Current reading: this wikipedia page about Café Europa, a "cultural initiative of the Austrian presidency of the European Union", in which every EU member nation brought a nationally beloved cake to an international cake celebration.
The thing is, if a beloved cake or biscuit tastes good to naïve tastebuds then a lot of the time it stops being a national delicacy and becomes an international delicacy. The Café Europa list is therefore a list of cakes that taste good if you grew up with them. You know the sort of thing:
- This yeasted delicacy comprises layers of a chewy dough made from flour and water, alternating with a paste of apple seeds.
- This wafer, immersed in water until damp, is shaped around a sphere of pink cream and then hardened in the sun.
- This light biscuit is formed from the whites of forty eggs mixed with however much sugar you require to give you a headache, spooned into conical cases and baked until dry.
See for example the Netherlands' contribution of the tompouce, a pastry whose own wikipedia page has an extended section titled "eating the tompouce", a process which it describes as "difficult and messy".
The outsider-hostile cake is, to be clear, a really outstanding category of cake.
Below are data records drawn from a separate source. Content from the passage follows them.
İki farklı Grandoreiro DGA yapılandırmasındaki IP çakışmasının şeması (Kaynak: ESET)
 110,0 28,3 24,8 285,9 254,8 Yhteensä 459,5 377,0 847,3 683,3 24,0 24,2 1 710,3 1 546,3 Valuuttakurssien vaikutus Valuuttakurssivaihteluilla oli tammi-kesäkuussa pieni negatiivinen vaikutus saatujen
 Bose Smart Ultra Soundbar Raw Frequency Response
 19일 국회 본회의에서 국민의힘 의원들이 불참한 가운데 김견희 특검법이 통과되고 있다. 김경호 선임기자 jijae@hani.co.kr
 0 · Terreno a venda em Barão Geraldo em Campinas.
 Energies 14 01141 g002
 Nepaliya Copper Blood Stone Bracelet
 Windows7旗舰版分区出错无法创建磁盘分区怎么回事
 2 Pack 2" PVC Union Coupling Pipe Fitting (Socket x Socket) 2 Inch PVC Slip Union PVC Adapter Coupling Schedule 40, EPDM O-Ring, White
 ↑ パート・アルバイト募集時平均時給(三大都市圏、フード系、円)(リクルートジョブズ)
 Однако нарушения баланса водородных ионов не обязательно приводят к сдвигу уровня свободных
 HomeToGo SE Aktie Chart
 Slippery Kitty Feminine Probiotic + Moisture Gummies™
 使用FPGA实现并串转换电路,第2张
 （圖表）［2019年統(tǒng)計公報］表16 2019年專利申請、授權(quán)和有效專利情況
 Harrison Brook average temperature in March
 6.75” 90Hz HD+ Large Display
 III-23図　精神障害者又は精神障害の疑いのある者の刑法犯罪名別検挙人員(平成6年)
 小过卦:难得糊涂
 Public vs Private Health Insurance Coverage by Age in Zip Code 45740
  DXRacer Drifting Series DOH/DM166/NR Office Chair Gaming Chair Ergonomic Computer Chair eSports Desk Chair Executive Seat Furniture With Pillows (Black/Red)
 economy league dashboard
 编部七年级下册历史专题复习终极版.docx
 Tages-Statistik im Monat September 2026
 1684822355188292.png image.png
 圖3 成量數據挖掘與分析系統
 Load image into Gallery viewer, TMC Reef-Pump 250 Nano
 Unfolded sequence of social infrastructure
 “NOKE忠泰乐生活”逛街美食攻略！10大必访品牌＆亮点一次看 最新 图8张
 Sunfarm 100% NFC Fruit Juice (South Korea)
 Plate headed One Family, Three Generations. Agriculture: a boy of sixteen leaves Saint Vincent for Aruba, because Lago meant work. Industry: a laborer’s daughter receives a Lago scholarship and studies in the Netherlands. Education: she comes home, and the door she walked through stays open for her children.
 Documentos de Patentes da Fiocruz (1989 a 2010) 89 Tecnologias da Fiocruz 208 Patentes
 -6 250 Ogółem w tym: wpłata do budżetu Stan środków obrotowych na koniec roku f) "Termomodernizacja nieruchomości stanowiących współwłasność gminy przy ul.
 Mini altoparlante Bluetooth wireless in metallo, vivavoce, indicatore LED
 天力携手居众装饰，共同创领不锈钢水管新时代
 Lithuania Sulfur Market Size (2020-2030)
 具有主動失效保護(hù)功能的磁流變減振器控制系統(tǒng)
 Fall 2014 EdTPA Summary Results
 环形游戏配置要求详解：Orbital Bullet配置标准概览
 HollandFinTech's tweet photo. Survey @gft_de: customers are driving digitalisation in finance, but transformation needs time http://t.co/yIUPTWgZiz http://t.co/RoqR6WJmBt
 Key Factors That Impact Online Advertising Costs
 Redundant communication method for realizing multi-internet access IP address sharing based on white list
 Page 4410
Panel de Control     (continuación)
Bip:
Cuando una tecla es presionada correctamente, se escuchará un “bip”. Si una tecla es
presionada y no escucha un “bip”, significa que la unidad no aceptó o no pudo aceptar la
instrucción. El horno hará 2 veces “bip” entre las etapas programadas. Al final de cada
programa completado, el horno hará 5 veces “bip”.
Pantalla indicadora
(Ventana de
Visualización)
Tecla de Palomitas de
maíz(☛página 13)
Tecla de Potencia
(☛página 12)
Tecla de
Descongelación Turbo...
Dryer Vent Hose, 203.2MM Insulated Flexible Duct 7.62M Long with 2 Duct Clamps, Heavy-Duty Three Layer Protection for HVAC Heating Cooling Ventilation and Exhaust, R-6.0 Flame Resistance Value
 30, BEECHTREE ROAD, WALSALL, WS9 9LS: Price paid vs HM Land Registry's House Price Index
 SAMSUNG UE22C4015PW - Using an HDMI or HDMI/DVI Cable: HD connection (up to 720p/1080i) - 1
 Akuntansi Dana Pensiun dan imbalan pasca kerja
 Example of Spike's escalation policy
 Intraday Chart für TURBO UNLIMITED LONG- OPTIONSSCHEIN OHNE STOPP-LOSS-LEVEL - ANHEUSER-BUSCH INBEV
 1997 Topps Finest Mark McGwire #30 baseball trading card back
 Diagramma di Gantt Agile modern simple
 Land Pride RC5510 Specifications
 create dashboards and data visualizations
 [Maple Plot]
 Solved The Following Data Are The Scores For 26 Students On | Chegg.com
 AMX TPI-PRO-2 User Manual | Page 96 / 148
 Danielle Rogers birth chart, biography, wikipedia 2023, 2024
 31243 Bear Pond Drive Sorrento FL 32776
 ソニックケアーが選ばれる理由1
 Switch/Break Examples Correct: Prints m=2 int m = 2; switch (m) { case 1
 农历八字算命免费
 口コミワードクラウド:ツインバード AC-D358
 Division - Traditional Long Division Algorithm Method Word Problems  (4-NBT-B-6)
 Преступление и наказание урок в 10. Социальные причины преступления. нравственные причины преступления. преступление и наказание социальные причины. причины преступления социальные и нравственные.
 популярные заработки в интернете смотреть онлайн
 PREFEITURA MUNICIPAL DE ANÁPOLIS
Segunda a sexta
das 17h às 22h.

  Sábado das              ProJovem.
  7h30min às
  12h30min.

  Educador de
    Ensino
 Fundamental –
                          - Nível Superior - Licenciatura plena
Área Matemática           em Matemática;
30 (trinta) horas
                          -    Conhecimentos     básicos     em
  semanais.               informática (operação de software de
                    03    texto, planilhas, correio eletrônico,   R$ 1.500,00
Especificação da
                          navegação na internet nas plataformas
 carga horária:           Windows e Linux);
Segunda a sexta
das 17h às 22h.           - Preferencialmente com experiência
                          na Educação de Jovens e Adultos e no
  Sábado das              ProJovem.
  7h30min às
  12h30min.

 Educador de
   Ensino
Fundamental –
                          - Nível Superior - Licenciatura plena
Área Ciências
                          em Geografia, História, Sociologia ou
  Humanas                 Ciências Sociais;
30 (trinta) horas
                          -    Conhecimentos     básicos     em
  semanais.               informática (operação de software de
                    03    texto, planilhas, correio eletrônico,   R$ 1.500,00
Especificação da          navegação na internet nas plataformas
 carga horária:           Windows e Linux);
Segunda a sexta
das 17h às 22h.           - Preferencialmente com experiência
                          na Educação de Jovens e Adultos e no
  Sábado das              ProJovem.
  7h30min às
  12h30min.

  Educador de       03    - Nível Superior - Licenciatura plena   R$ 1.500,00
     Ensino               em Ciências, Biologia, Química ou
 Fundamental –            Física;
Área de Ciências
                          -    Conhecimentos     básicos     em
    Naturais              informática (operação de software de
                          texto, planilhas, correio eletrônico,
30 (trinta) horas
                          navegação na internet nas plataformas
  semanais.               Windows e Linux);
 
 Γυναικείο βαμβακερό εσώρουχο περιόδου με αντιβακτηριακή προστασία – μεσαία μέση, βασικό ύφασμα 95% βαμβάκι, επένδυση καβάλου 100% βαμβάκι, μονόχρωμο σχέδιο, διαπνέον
I've talked on cohost before about the lamington, Australia's inevitable contribution to a hypothetical global cake buffet: a cube of dry sponge covered on all six sides with slightly chocolatey frosting and then covered again in desiccated coconut, or possibly paper shavings, it's not always possible to tell from taste alone. It is extremely delicious to me. I just love the idea of a huge buffet of cakes surrounded by milling ambassadors, each of whom is required by politeness to avoid the cake they brought and love and instead to eat a confusing and slightly unpleasant cake provided by their neighbour.